* [Task to complete]: Set down the data below in full and exactly, minus the pictures.

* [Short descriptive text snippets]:
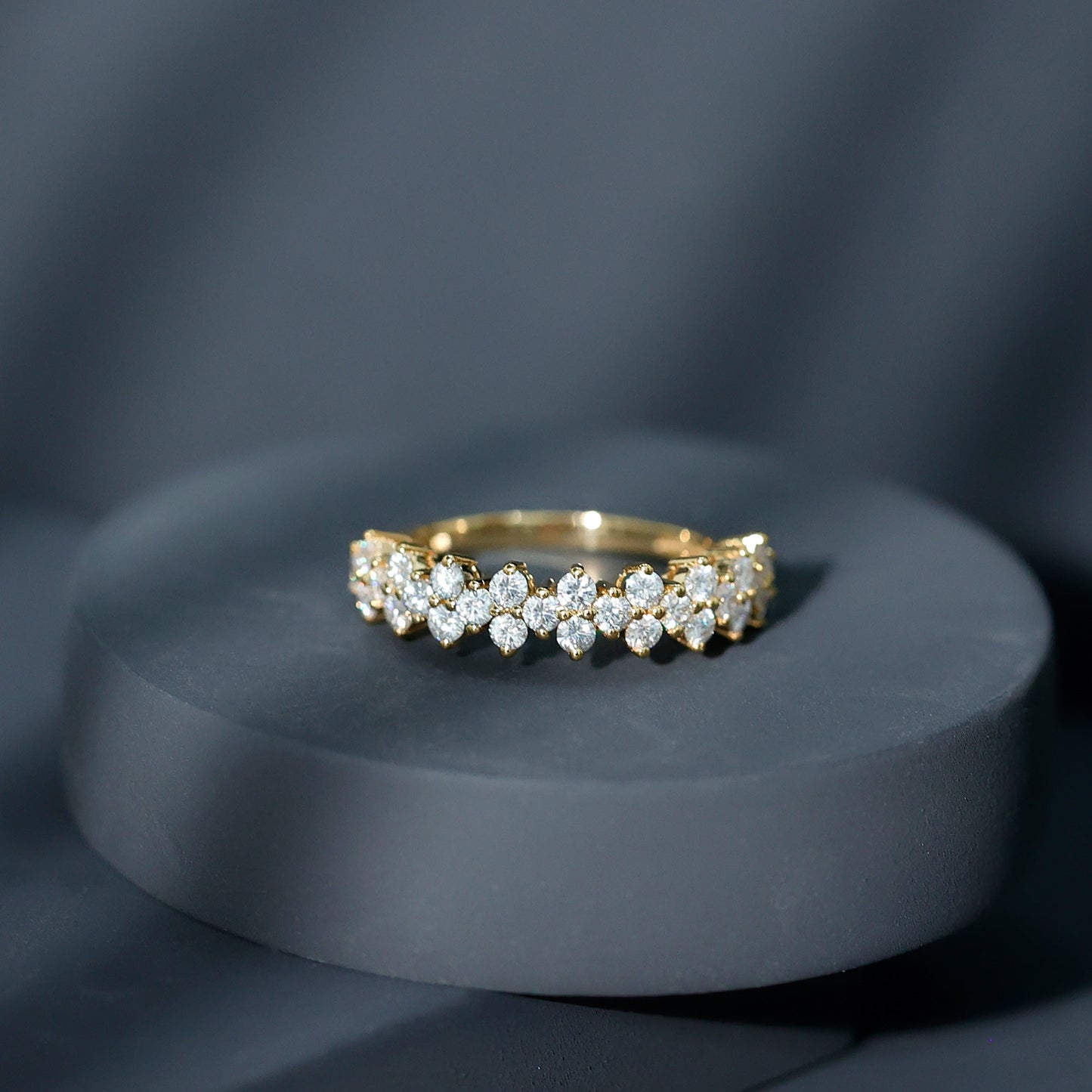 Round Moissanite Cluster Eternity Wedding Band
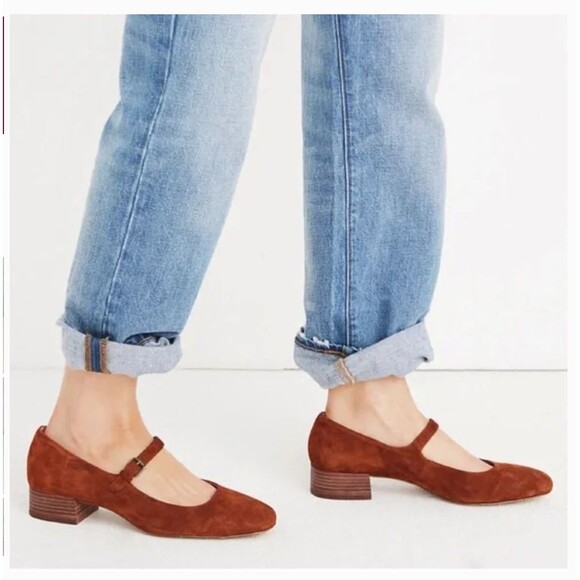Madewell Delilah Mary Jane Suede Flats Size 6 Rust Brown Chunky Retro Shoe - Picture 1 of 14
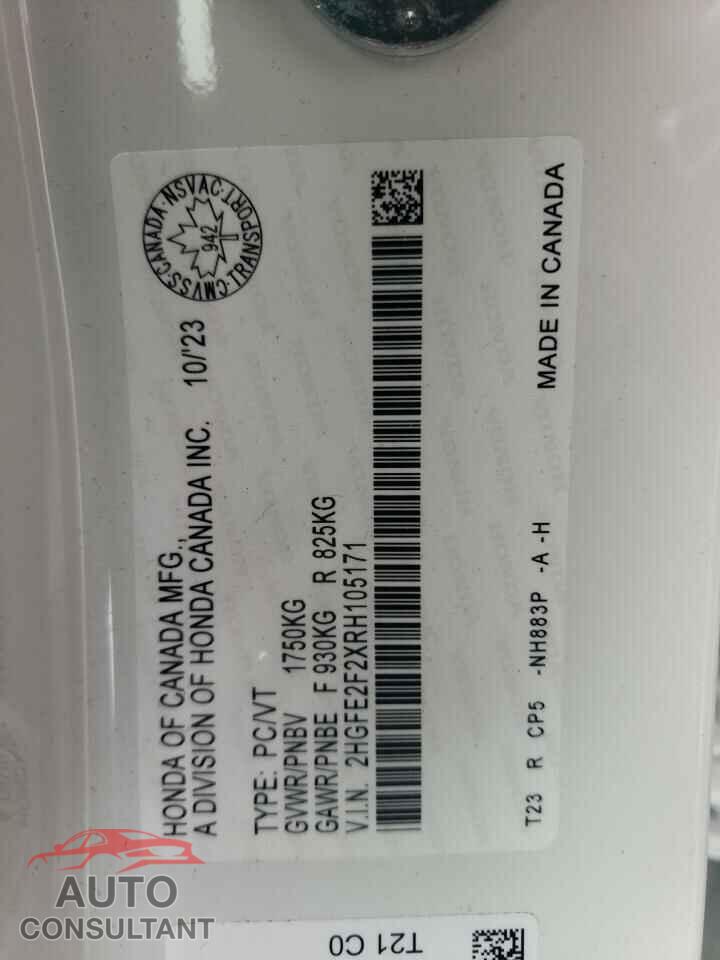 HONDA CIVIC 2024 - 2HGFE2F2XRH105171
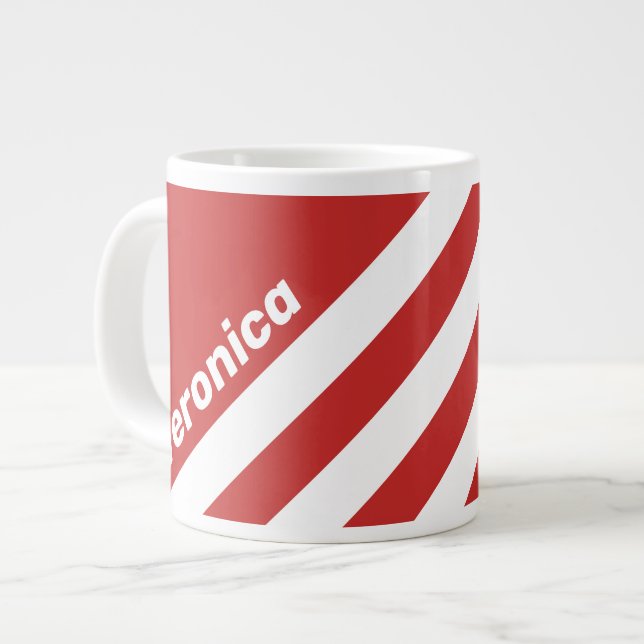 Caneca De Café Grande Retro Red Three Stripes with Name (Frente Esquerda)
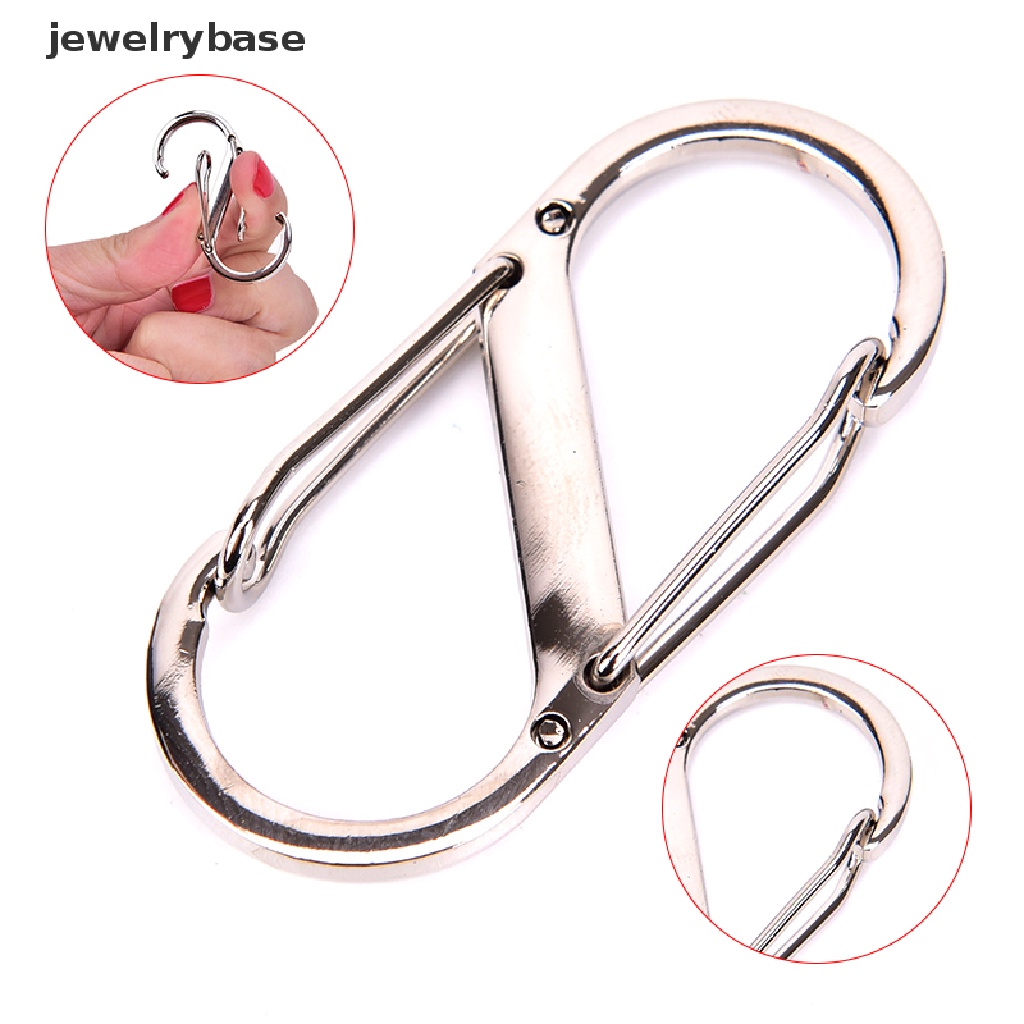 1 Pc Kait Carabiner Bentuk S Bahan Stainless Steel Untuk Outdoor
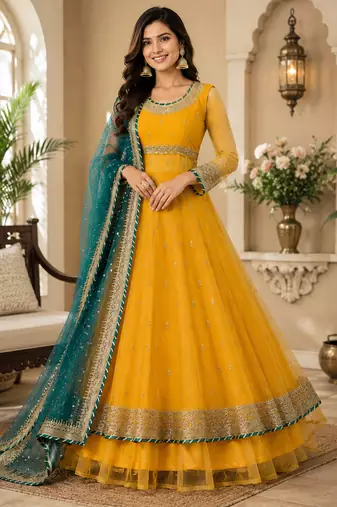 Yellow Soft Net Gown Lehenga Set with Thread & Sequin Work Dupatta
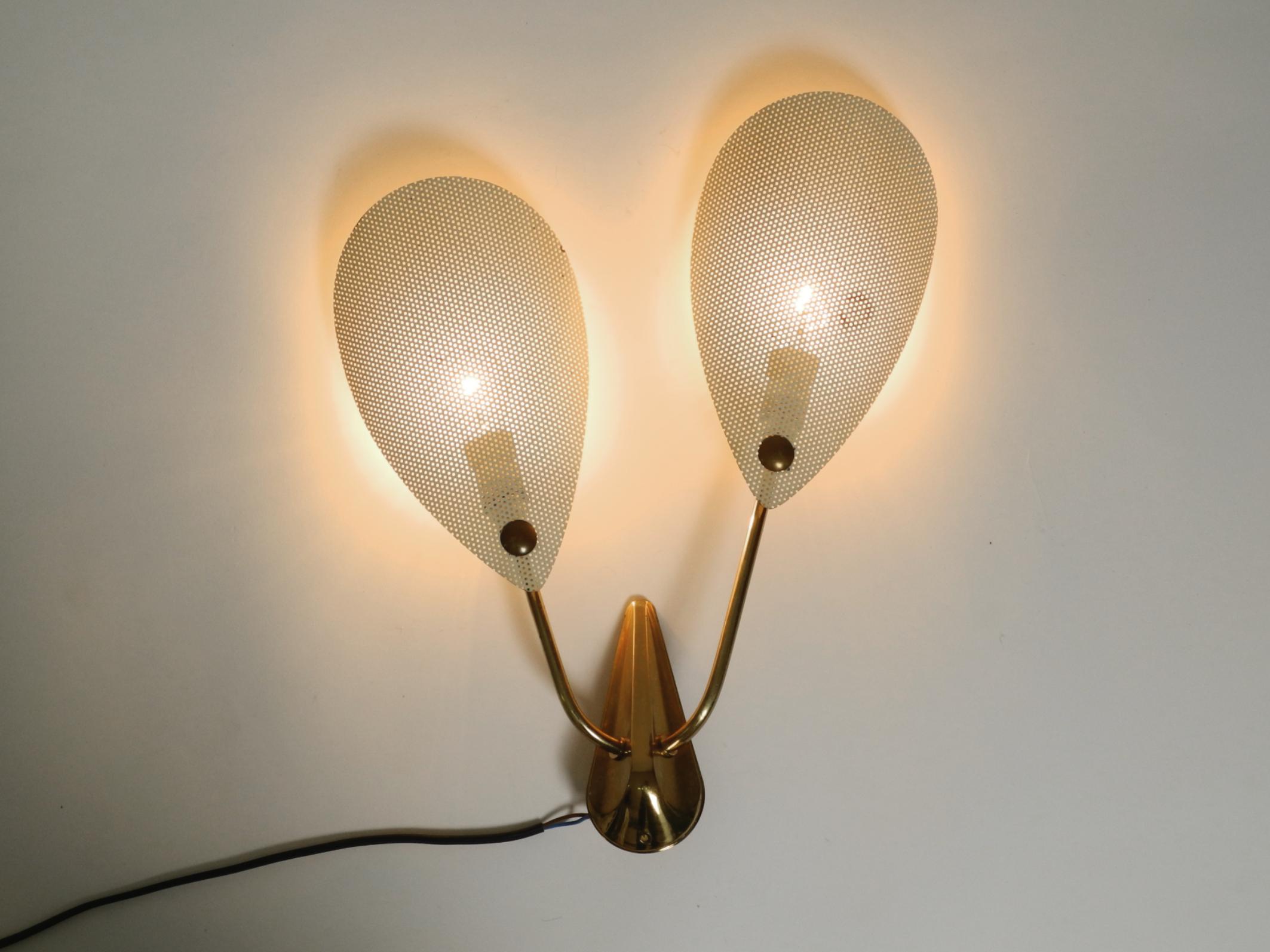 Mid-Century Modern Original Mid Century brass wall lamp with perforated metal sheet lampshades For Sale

* [Response to the exercise]:
 Round Moissanite Cluster Eternity Wedding Band
Madewell Delilah Mary Jane Suede Flats Size 6 Rust Brown Chunky Retro Shoe - Picture 1 of 14
 HONDA CIVIC 2024 - 2HGFE2F2XRH105171
 Caneca De Café Grande Retro Red Three Stripes with Name (Frente Esquerda)
 1 Pc Kait Carabiner Bentuk S Bahan Stainless Steel Untuk Outdoor
 Yellow Soft Net Gown Lehenga Set with Thread & Sequin Work Dupatta
 Mid-Century Modern Original Mid Century brass wall lamp with perforated metal sheet lampshades For Sale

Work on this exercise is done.